◆ Work required
Which lines in the listing below contain the word "Galaxy"? Copy each one.

◆ Supplied records

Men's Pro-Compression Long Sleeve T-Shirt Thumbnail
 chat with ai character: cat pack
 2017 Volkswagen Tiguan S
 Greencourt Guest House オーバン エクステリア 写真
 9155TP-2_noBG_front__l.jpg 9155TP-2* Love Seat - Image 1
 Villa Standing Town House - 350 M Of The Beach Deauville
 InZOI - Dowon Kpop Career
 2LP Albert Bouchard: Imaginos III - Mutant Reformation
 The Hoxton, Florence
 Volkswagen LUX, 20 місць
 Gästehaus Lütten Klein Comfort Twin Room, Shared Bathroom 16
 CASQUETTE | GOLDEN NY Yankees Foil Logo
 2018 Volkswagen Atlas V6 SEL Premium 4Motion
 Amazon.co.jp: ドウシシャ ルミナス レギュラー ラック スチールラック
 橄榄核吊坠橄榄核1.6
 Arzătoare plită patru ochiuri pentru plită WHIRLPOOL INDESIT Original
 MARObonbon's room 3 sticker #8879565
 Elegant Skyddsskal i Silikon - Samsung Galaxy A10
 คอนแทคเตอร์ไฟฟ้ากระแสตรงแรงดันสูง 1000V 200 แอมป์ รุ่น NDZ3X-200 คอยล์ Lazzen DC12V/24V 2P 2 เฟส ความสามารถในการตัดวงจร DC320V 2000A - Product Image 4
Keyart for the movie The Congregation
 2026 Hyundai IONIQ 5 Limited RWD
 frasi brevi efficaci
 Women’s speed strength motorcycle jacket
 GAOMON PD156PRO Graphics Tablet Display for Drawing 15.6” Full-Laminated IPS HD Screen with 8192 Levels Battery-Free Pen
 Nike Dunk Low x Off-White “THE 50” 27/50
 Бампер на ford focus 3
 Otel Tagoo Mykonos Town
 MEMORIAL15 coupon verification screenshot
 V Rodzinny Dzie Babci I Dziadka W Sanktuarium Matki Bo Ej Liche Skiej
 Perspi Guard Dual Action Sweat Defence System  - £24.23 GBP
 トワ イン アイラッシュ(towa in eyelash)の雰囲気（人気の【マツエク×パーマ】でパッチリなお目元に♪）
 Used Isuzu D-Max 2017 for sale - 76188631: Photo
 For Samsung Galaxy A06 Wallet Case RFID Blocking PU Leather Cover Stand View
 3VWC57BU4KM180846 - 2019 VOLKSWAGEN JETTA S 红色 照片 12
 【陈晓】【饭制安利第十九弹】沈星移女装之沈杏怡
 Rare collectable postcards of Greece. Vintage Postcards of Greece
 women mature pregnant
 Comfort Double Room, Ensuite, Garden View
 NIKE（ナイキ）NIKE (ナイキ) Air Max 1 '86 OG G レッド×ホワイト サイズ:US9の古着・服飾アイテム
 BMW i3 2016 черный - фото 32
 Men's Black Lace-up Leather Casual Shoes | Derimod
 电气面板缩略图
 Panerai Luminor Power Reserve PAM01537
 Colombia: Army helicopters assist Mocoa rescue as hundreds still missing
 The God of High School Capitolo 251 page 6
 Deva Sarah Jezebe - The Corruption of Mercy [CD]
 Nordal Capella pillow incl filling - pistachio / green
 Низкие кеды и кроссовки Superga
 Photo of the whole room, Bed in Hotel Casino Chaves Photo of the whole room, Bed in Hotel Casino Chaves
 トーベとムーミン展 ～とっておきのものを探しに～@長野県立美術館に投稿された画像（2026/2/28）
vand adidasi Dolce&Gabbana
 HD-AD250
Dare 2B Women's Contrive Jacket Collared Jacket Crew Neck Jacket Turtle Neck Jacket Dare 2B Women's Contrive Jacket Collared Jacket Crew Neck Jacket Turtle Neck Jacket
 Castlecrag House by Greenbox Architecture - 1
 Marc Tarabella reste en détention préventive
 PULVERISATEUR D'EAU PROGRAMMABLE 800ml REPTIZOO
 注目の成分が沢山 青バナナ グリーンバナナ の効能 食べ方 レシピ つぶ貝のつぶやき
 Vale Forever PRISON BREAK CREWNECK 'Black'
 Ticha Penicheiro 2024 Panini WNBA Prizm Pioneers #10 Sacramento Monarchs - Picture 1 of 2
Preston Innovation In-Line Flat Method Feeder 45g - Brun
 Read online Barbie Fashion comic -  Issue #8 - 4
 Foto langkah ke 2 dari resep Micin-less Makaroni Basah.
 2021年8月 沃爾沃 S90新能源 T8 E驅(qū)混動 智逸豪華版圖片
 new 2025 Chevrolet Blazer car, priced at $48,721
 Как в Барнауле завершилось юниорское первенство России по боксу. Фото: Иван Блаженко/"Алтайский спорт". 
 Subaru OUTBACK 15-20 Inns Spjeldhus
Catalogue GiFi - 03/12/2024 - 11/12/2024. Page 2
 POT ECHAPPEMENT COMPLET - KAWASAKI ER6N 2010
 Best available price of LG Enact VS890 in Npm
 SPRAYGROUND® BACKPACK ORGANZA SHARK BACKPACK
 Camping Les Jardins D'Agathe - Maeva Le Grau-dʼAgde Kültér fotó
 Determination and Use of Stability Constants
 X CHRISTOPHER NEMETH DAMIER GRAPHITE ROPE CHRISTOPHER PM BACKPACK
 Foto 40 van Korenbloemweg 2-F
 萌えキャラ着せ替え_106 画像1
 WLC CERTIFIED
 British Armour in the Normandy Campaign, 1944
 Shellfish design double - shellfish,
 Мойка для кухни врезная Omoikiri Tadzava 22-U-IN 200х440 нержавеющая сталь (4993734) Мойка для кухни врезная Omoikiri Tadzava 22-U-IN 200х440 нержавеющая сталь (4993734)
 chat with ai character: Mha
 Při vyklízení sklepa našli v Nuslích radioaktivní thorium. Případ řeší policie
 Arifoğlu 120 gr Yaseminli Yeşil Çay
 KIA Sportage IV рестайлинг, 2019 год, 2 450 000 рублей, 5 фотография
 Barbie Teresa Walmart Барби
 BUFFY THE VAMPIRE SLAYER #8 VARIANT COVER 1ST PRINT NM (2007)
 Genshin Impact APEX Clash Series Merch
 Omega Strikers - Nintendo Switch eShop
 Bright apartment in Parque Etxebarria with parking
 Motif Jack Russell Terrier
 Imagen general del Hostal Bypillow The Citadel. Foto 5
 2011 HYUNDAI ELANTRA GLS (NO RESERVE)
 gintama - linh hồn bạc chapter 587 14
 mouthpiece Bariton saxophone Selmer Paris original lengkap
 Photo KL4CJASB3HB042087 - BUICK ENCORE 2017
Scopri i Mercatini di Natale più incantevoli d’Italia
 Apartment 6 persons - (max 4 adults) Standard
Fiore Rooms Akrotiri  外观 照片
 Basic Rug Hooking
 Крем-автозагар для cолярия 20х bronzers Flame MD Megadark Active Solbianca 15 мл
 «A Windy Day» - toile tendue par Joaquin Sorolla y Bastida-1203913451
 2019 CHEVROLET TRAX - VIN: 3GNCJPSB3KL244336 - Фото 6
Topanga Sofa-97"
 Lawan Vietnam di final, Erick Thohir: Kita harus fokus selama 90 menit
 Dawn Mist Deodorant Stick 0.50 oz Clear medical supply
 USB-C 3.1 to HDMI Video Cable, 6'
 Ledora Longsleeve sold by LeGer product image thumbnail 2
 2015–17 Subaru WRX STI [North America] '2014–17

◆ Reply to the task
 Elegant Skyddsskal i Silikon - Samsung Galaxy A10
 For Samsung Galaxy A06 Wallet Case RFID Blocking PU Leather Cover Stand View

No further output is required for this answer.